Indeed, one of the few just generalizations that can be made is that
Atlanta is a predominantly commercial city. Although it is the State
capital, it is too large to be dominated by legislative and judicial
functions. It is the same with educational affairs: Georgia
Tech, Emory, Oglethorpe, Agnes Scott, and Atlanta University are
exceedingly important to several large groups without making Atlanta a
college town. Nor does industry predominate, although Atlanta wealth is
derived from sources ranging from cotton goods to bottled drinks. It is
business that takes first place.
Any newcomer feels this enveloping importance of commerce as soon as
he enters a large office in the Hurt Building, the Candler Building,
the William-Oliver Building, or any of the national banks. He becomes
aware of an electric quickness in the tempo; officials and clerks,
though cordial, are not inclined to waste time. There is little of the
leisurely personal touch that is characteristic of business conferences
in smaller Southern communities. Atlanta offices are conducted with the
method and manner of the metropolitan East. It is the same with the
shops. Stock, equipment, and decorations are smartly modern, and buying
is brisk.
Since Atlanta is the Southeastern center for distribution offices of
large national concerns, there is a constantly shifting population of
salesmen and district managers. These men and their families, settling
briefly in hotels and apartment houses, seldom stay long enough to
become a permanent part of the city. Atlanta businessmen still form the
essential nucleus. Many of the names that were prominent in the
commercial life of pioneer Atlanta are still prominent, even though the
stores and offices that bear them are frequently owned by New York
firms. Although Atlanta's geographical situation is deep in the South,
busy train and airplane service ties it closely to the big cities of the
Eastern Seaboard and draws it into the orbit of national commerce.

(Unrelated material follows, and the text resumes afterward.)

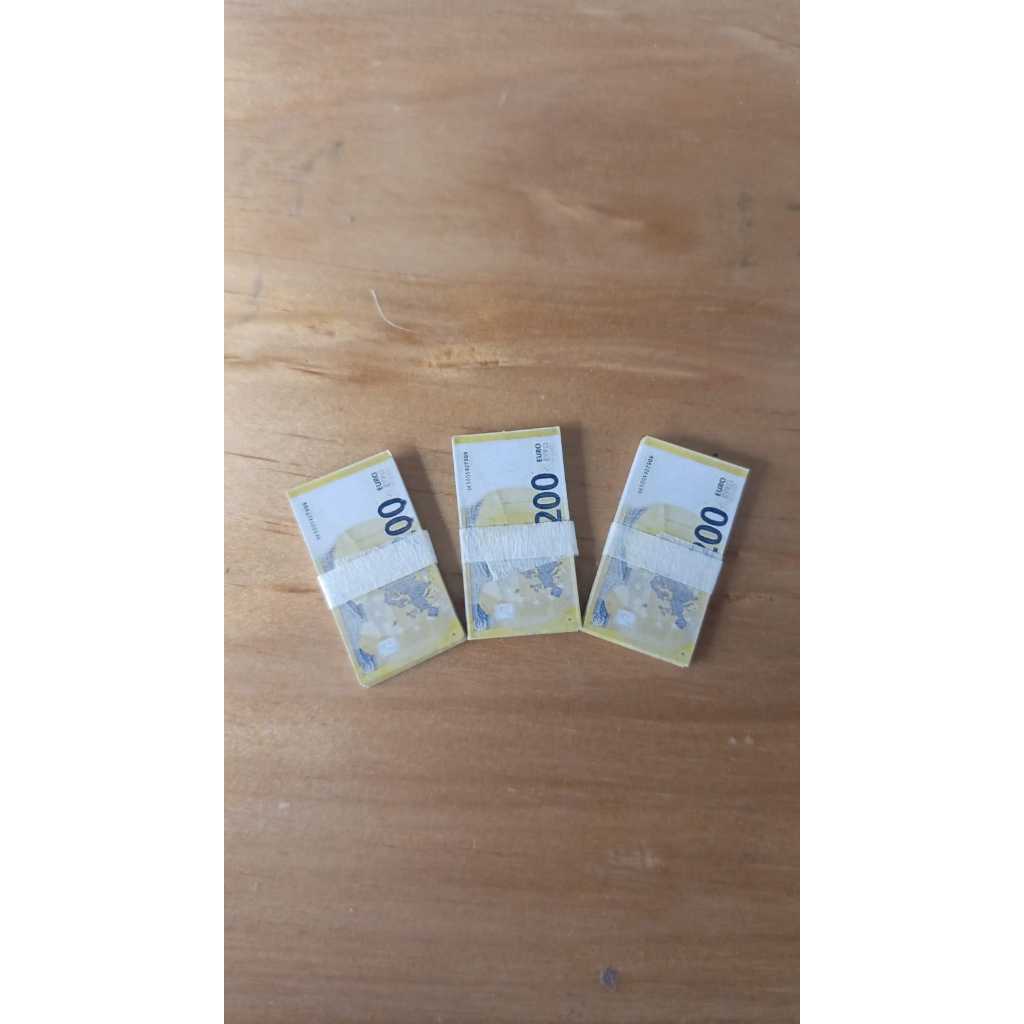 Miniatur Replika dalam 1 bundel isi 5 lembar Uang 200 euro  / Uang Mainan / UANG MAINAN REPLIKA UANG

From its earliest settlement, this community has pushed its development
by vigorous enterprise. Not aristocratic cotton planters but energetic
railroad men gave it life, and it was this spirit of dogged survival
that brought recovery and increased power after the town had been
burned by General Sherman's destroying forces. And this spirit still
animates Atlanta.
There is an abundant enthusiasm for music and the other arts; there
is plenty of graciousness and gentility. But in the final analysis
these qualities are less salient than those that twentieth-century
language designates as drive or punch, Atlanta is alert and
aggressive— a true city of the Modern South.